Esta é uma das coisas que ainda o perturbavam: o impacto do colapso das torres foi tão grande que nunca foram encontrados os restos - nem mesmo vestígios de DNA - de centenas de vítimas. Muitas famílias nunca puderam sepultar os seus mortos.

"Vi uma família mexicana, à qual entregaram um par de sapatos para enterrar, lembro das caras deles, o tradutor falava e a mulher dizia: 'E você quer que eu leve isso comigo?'".

"Encontrei dedos e um tufo de cabelos compridos, acho eu que de uma mulher. Daí tiravam o DNA. Camisas, um braço, uma mão esmagada...", lembra.

Das Torres Gémeas, o que mais o chocou foi "a destruição gigante, muito, muito gigante, num espaço muito reduzido". E a lembrança de muitos imigrantes em situação ilegal que não ousavam sequer pedir informação sobre os seus familiares desaparecidos com medo de serem deportados.

"Poderia ter feito mais? Fiz o suficiente?"

Luis Eduardo Marulanda também auxiliou vários bombeiros presos no desabamento do edifício 7 do WTC, de 47 andares, que colapsou sete horas depois das Torres Gémeas. "Corri para ajudá-los, lavei os seus olhos, dei-lhes oxigénio, injetei líquidos intravenosos", contou 20 anos depois.

Hoje, ainda se pergunta "se aqueles que morreram tinham que morrer". "Poderia ter feito mais? Fiz o suficiente?", pergunta-se. Sentia "uma dor de pátria, embora não fosse a minha pátria. Mas não precisamos ser cidadãos americanos para sentir essa dor. E isso persiste", reflete.

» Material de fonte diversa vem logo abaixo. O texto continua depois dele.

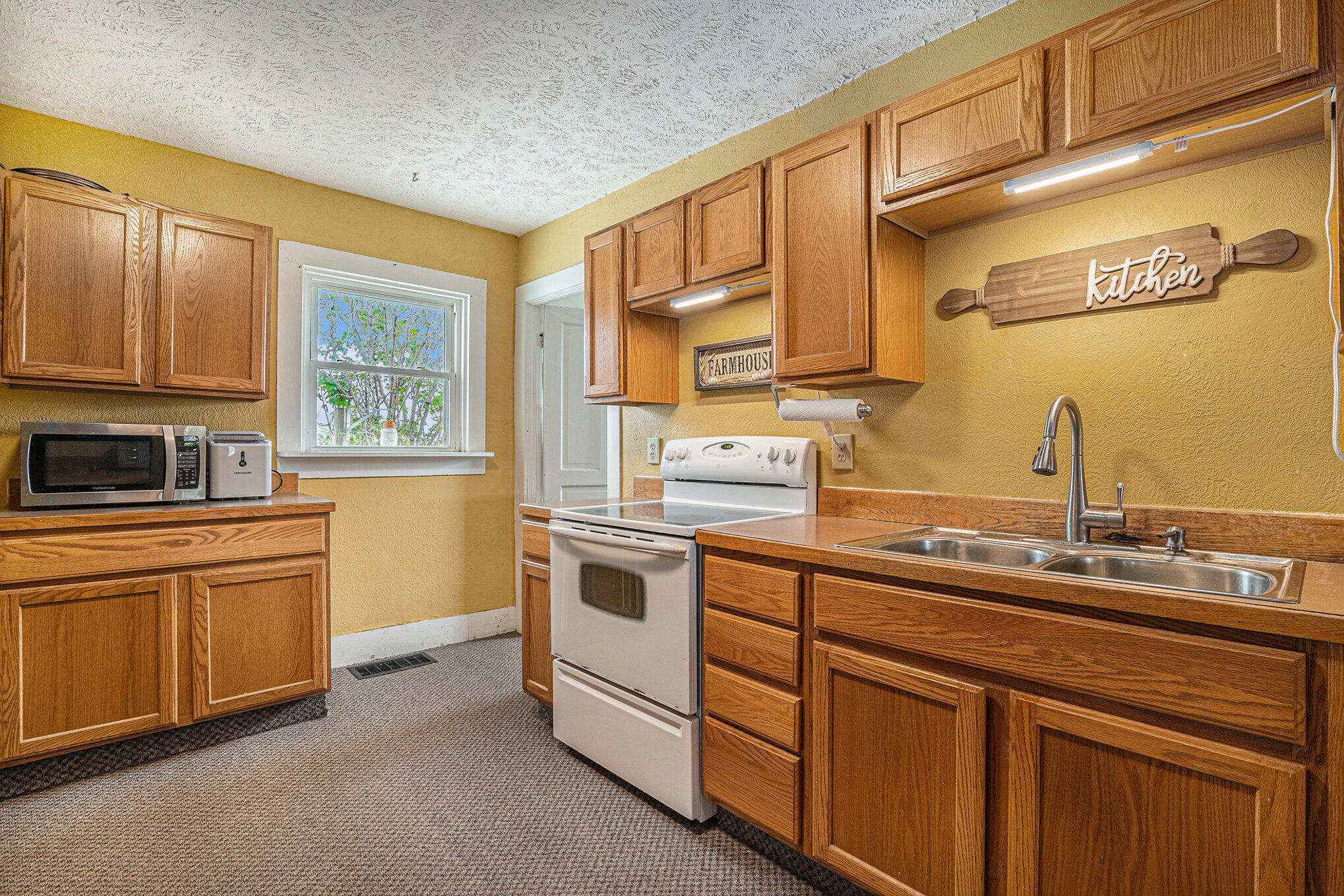7463 Garfield Road Middleton, MI 48856 - Photo 11 of 27 012_garfield-17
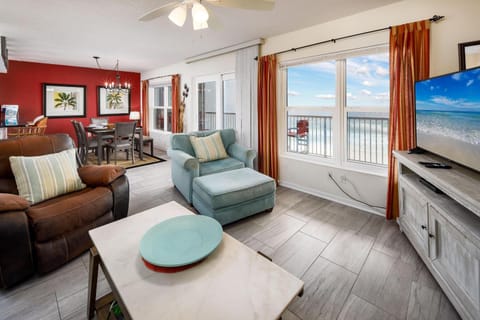 Islander 7004 - Sun, Suit & Sand Apartment in Okaloosa Island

Foram "dias maratónicos" e quando não aguentava mais, pedia ajuda aos psicólogos instalados em barracas montadas do outro lado do rio Hudson, em Nova Jersey. Ali também havia quiropráticos "que nos desmontavam, mas deixavam-nos como novos".

Marulanda reviveu durante meses a tragédia do 11/9 nos seus sonhos. "A minha esposa dizia-me que eu saltava muito na cama, dizia-me que isso a incomodava e a acordava a qualquer hora. Precisei começar a procurar ajuda psicológica profissional, falar muito do tema".

Não houve tempo de pedir a extensão do seu visto americano naqueles três meses em que trabalhou no Ground Zero. Quando quis voltar à Colômbia, levaram-no a um juiz migratório."Queria que fosse deportado, dizia que eu era um irresponsável, um abusado. Fui proibido de voltar aos Estados Unidos durante sete anos".